GÜZEL ŞEYLER BEĞENİLMEK İSTER...
16 Subat 2018 09:04:18
Gündem öyle hızlı değişiyor ki insan bazı konuları ister istemez kaçırıyor.
Genelde gazeteci aklı eleştirel çalıştığı için güzel şeylerle ilgili istenilen sıklıkta yazı yazmak mümkün olmuyor. Doğrusu Ereğli'de eleştirilecek çok şey de oluyor.
Yine de güzel şeyler de oluyor.
Fiziksel Engelliler Derneği'nin hayırseverlerin katkılarıyla 30 ortopedik engelliye tekerlekli sandalye vermesi dolayısıyla düzenlenen törene katıldık. Daha önce de sık sık katıldığımız bir tören bu. Kaymakam Nazım Madenoğlu bile "Gele gele mutlu oluyoruz" dedi.

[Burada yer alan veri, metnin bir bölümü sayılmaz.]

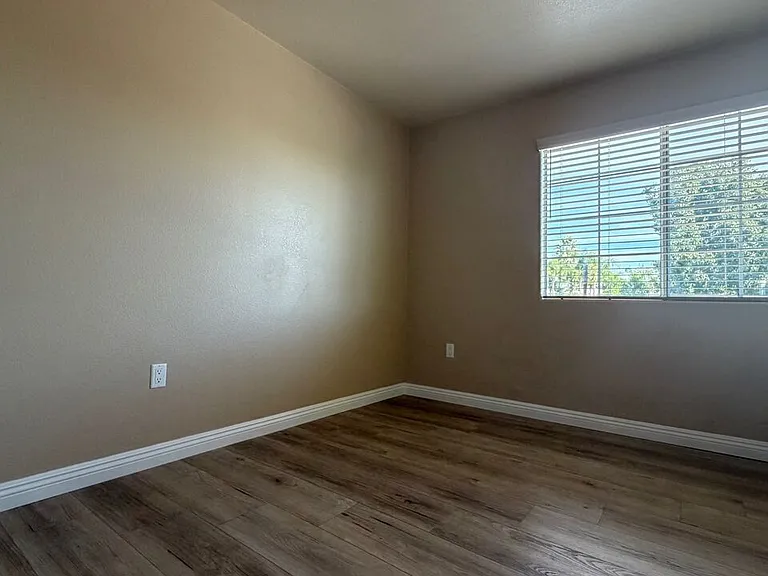 1210 W 39th St #5 — Photo 13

Hakikaten takip etmekten hiç sıkılmadığımız etkinliklerden biri bu... Zira Fiziksel Engelliler Derneği'nin ihtiyacı olup da tekerlekli sandalyeyle buluşturmadığı birisi yok denilse yeridir. Kuruluşundan bu yana geçen yirmi yılın yarısında bu derneğin faaliyetlerini izleme şansı bulduk. Çok daha büyük ekonomik güçleri olan kamu birimlerinin bile yapamadığı büyüklükte işler yapıyorlar. Son dönemde tekerlekli sandalyelerin yerine Akülü olanları ikame etmeye başladılar. Bu da hayırsever katkılarıyla büyük bir hızla ilerliyor. Son törende ihtiyaç sahiplerine ulaştırılan 30 tekerlekli sandalyeden 10 tanesi akülü olanlardan... Orada bulunmayan, ihtiyacı olup da tekerlekli sandalyesine kavuşan bir engellinin mutluluğunu bilemez, bunu sözlerle aktarmak mümkün değil çünkü. Yaşamak lazım.

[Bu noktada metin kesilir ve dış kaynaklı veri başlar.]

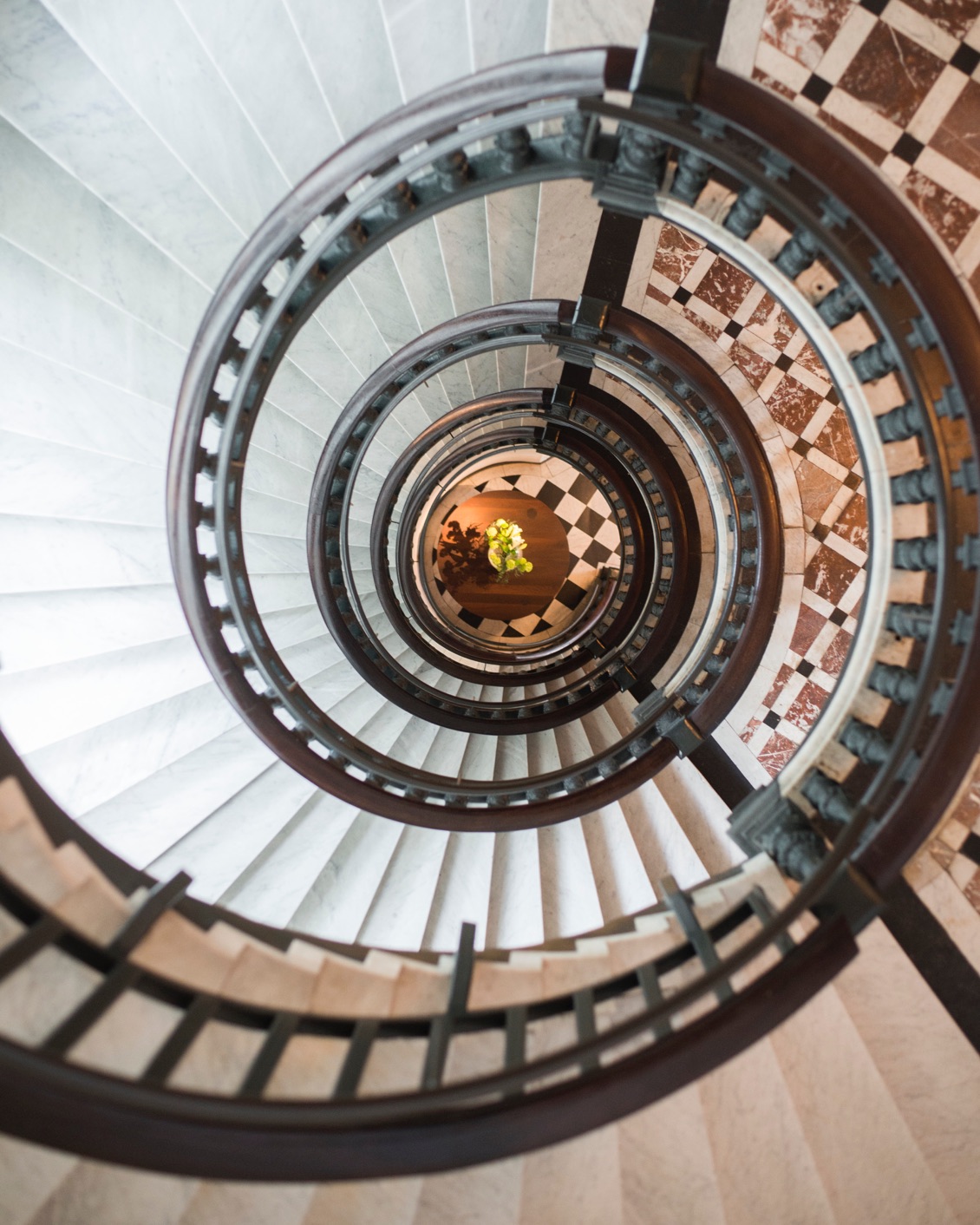 007 Blique By Nobis Stairs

Derneğin faaliyet alanı sadece tekerlekli sandalyelerle sınırlı değil. Tekstil, Bilgisayarlı muhasebe, Kasa elemanı gibi alanlarda kurslar da veriyor. Dernek Başkanı İsmail Şentürk, "Bugüne dek 243 engelliyi işe yerleştirdik, biz balık vermeyi değil, balık tutmayı öğretmek istiyoruz" diyor.
Daha az dikkat çeken başka bir konu da, engellilerin ilçenin sosyal hayatında yerini alabilmesi için yapılan çalışmalar... Sosyal hayatla ilgili engellerin aşılmasında, Şentürk'ün kentsel altyapıdaki eksikliklere dikkat çektiği açıklamalar son derece büyük önem taşıdı bugüne kadar.

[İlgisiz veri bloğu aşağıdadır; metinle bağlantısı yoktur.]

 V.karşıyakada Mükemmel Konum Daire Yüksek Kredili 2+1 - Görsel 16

Nasıl kötü şeyler eleştirilmek isterse, güzel şeyler de beğenilmek ister. Fiziksel Engelliler Derneği'nin bir sivil toplum kuruluşu olarak kendi sahasına hakimiyeti, diğer alanlarda faaliyet gösteren derneklere de örnek olacak şekilde.
Bin kez tebrikler...
GÜZEL HAVALAR
Orhan Veli "Beni bu güzel havalar mahvetti" diyor ya...
Gerçekten bu sene kış aylarının yerine, bahar aylarının gelmesi yaklaşan bahar ve yaz ayları için insanı endişelendiriyor. Belki Orhan Veli'yi değil ama bu güzel havalar önümüzdeki bir yılı mahvetme potansiyelini taşıyor. Şimdiden televizyon haberleri barajların doluluk oranları ile ilgili konulara mercek tutmaya başladı.
Bu iklim değişikliği denilen şey gerçek bir problem midir, yoksa bilim dünyasında türetilen, tüm insanlığa ayar çekme gayreti midir sorgulamaktan zarar gelmez. İster öyle olsun, ister böyle; havalar beklenmedik ölçüde sıcak gidiyor ve böyle giderse, önümüzdeki yaz aylarında hayatın olumsuz etkilenmesi kaçınılmaz.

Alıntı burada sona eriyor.